Dataset entries:
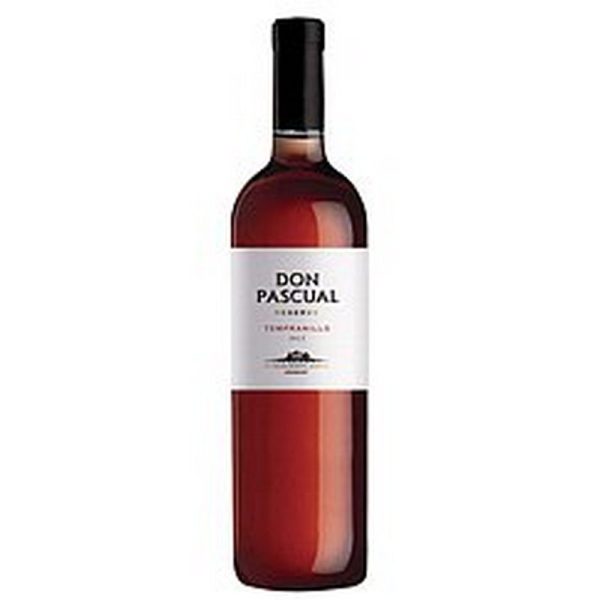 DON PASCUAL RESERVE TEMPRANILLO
---
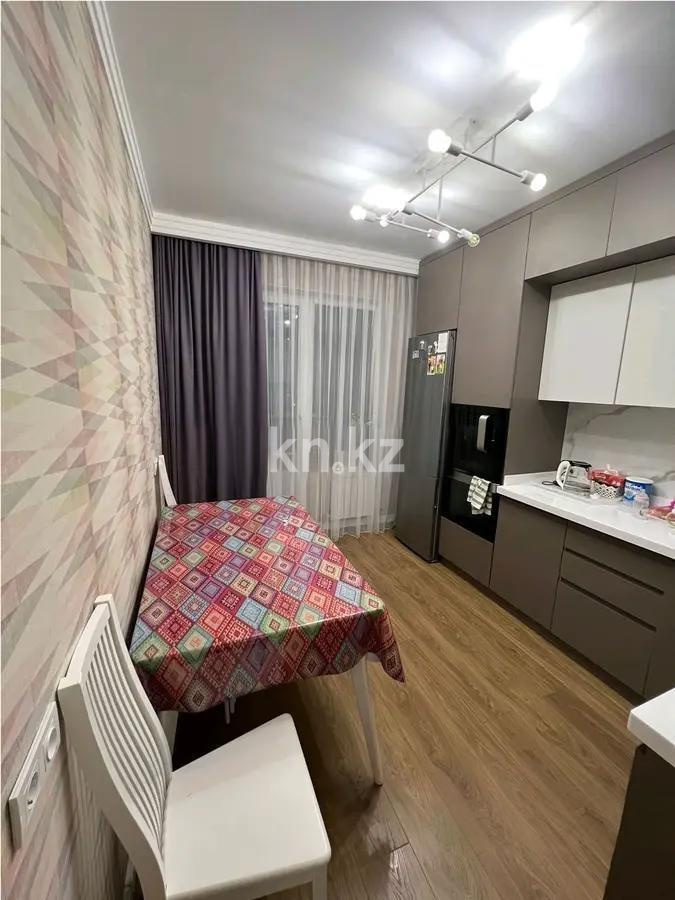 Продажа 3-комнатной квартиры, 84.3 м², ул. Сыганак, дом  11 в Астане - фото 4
--
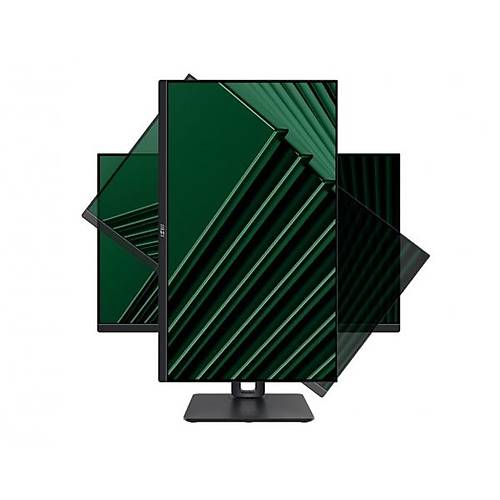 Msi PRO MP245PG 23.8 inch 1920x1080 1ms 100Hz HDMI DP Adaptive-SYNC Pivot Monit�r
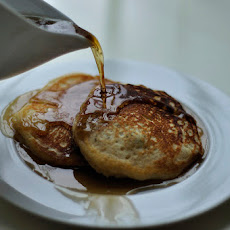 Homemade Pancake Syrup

The task: Pictures excluded, reproduce only the part above that opens with the line holding "Msi PRO MP245PG" and closes with the line holding "Homemade Pancake Syrup", exactly as written.

Completed task:
 Msi PRO MP245PG 23.8 inch 1920x1080 1ms 100Hz HDMI DP Adaptive-SYNC Pivot Monit�r
 Homemade Pancake Syrup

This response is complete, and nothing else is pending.